The Dubai Electricity and Water Authority (Dewa) has tapped a KPMG-led consortium to advise on the Mohammed bin Rashid Al Maktoum solar park’s concentrated solar power (CSP) plant’s first 200-megawatt phase.
The independent power producer advisory deal will lay out guidelines for companies looking to bid for the project, with KPMG Lower Gulf looking over the financial requirements while Mott MacDonald and Ashurst handle the technical and legal ones, respectively.
«The 200MW CSP project is another milestone achievement that will put Dubai and the UAE at the forefront of the countries in the region in producing renewable and clean energy,» said Saeed Al Tayer, the managing director and chief executive of Dewa.
The Dh50 billion solar park will total 5 gigawatts of capacity once completed in 2030, and 1GW of that will use CSP technology, making it the largest of its kind in the world.
The first three projects of the solar park used solar photovoltaic (PV) technology, but the addition of CSP will give the park a thermal storage capability.
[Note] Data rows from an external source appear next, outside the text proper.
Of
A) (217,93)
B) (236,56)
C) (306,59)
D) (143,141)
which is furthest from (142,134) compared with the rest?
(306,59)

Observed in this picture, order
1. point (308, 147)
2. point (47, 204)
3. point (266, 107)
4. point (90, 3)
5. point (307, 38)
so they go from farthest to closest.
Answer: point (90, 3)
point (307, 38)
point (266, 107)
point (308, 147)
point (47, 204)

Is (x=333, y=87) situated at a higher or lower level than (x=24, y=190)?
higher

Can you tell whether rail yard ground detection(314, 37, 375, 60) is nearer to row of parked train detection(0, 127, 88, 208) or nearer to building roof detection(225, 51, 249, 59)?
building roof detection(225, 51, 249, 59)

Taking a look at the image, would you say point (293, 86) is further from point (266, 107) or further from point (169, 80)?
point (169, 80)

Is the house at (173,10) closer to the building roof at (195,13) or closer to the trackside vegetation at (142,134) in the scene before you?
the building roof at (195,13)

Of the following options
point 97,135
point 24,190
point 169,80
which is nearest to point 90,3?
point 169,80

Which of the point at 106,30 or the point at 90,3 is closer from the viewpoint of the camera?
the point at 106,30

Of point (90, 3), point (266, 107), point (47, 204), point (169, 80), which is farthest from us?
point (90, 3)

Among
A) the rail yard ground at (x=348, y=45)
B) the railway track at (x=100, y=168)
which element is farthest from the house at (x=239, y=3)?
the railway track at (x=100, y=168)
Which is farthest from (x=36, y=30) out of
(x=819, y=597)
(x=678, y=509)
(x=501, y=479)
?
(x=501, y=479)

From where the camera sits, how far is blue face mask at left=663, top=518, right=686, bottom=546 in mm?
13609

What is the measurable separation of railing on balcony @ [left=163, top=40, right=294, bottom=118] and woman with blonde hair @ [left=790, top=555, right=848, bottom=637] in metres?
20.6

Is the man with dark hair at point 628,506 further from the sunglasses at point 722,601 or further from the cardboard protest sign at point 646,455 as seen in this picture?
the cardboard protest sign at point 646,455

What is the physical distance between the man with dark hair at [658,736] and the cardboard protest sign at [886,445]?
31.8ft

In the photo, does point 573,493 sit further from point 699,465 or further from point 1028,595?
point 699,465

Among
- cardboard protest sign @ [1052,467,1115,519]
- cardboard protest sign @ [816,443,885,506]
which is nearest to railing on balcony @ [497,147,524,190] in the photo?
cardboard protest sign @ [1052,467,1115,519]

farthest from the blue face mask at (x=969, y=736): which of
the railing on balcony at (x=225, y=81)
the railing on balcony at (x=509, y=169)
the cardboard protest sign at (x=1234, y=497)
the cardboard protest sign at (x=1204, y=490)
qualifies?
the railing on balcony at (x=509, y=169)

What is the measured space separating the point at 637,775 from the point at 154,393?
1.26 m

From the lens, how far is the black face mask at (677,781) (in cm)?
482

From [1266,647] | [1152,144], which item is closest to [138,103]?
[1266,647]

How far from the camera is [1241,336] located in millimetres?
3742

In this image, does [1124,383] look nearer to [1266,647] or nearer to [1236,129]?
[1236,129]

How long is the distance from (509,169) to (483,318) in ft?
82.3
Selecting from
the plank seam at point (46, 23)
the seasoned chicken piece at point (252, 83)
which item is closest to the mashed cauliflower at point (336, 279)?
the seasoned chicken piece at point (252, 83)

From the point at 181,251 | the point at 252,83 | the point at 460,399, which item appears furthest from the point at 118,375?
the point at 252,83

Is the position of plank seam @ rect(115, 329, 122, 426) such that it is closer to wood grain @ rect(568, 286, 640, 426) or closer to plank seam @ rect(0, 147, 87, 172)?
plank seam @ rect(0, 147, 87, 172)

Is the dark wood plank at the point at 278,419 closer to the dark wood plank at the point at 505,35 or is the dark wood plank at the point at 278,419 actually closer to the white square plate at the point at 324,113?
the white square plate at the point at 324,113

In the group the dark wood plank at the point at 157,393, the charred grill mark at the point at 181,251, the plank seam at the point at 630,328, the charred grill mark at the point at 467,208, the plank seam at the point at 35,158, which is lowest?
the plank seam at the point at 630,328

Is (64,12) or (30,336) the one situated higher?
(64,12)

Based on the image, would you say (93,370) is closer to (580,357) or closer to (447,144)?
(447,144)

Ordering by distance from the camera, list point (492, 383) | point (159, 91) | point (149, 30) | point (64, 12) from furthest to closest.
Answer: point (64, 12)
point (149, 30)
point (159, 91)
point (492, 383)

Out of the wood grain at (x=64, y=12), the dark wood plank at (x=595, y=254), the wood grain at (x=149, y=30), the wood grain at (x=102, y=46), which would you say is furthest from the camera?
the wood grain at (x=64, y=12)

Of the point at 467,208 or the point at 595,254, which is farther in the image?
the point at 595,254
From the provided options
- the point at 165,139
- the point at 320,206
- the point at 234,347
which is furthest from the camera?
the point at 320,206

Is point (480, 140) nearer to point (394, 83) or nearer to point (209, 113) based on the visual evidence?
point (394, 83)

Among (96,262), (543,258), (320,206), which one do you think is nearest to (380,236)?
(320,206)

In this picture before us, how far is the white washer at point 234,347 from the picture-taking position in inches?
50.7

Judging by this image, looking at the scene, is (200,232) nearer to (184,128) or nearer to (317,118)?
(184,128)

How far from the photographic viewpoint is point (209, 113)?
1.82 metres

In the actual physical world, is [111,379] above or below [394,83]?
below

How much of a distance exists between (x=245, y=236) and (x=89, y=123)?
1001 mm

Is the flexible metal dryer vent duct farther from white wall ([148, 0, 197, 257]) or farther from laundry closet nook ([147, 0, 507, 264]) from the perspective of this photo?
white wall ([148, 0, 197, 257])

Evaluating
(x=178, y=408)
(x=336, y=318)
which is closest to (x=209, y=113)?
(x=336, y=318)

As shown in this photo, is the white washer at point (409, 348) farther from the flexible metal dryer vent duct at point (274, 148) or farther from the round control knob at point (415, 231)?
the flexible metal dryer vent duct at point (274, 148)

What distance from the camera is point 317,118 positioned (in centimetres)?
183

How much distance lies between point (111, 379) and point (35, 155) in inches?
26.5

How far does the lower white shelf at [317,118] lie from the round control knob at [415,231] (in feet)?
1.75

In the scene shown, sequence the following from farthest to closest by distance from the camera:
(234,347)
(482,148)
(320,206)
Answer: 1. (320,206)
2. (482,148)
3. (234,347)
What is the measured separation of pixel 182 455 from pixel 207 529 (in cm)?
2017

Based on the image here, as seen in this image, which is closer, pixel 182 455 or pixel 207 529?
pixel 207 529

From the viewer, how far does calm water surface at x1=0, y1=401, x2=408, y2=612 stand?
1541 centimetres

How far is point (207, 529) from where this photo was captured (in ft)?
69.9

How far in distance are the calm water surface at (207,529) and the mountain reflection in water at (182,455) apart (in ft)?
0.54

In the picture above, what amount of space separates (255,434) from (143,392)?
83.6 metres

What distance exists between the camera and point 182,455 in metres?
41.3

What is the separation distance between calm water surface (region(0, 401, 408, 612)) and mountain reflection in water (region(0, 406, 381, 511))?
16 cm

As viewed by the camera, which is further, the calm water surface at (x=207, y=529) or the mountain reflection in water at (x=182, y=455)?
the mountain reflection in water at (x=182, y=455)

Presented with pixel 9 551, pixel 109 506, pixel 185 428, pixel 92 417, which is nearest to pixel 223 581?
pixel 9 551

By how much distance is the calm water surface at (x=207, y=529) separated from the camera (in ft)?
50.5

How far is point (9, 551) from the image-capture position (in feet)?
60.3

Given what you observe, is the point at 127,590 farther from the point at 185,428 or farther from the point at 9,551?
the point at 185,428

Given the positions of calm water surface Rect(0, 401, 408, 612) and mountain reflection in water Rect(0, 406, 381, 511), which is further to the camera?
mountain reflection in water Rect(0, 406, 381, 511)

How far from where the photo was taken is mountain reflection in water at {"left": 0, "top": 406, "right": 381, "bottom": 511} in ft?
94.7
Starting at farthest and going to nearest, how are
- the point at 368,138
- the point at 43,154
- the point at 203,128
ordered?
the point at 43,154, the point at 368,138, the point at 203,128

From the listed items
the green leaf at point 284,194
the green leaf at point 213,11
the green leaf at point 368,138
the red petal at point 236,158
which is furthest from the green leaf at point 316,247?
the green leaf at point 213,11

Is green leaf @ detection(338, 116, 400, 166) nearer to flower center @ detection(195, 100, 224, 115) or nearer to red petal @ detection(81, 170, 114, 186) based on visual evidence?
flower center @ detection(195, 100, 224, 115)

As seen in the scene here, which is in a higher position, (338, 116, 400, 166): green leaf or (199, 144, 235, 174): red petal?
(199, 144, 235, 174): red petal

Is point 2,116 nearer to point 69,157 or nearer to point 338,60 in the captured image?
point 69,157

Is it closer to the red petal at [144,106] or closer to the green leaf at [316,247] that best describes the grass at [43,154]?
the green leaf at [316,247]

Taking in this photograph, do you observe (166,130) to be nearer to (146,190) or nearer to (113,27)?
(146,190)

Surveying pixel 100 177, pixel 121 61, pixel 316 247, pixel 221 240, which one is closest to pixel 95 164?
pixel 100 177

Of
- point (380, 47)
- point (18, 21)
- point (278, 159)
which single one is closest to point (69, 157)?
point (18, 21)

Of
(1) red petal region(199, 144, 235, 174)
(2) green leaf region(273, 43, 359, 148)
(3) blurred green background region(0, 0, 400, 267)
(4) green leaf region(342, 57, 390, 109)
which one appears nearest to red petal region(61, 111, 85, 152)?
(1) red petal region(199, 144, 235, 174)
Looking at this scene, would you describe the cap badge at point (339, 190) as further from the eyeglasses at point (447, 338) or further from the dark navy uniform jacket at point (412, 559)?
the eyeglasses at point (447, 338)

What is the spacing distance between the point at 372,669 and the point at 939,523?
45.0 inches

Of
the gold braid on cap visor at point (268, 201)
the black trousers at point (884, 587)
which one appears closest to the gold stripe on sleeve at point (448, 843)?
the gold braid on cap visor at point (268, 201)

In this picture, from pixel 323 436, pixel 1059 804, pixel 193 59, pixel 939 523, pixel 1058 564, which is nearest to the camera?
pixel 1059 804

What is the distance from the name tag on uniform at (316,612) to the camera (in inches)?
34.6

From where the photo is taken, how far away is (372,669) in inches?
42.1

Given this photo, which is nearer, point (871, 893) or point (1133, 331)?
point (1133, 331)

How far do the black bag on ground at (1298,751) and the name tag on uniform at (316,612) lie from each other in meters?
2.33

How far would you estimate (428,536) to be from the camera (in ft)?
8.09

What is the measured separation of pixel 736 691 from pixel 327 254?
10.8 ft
Mr Al Tayer said that the CSP plant would be able to store energy for up to 12 hours a day, which could be used at night or on hazy days.
«We have an ambitious vision and a clear strategy to develop and support sustainable energy projects in Dubai,» said Mr Al Tayer, pointing to the utility’s goal of increasing the percentage of renewables in the emirate’s energy mix to 7 per cent by 2020 and 25 per cent by 2030.
This latest 200MW phase is expected to be completed by April 2021.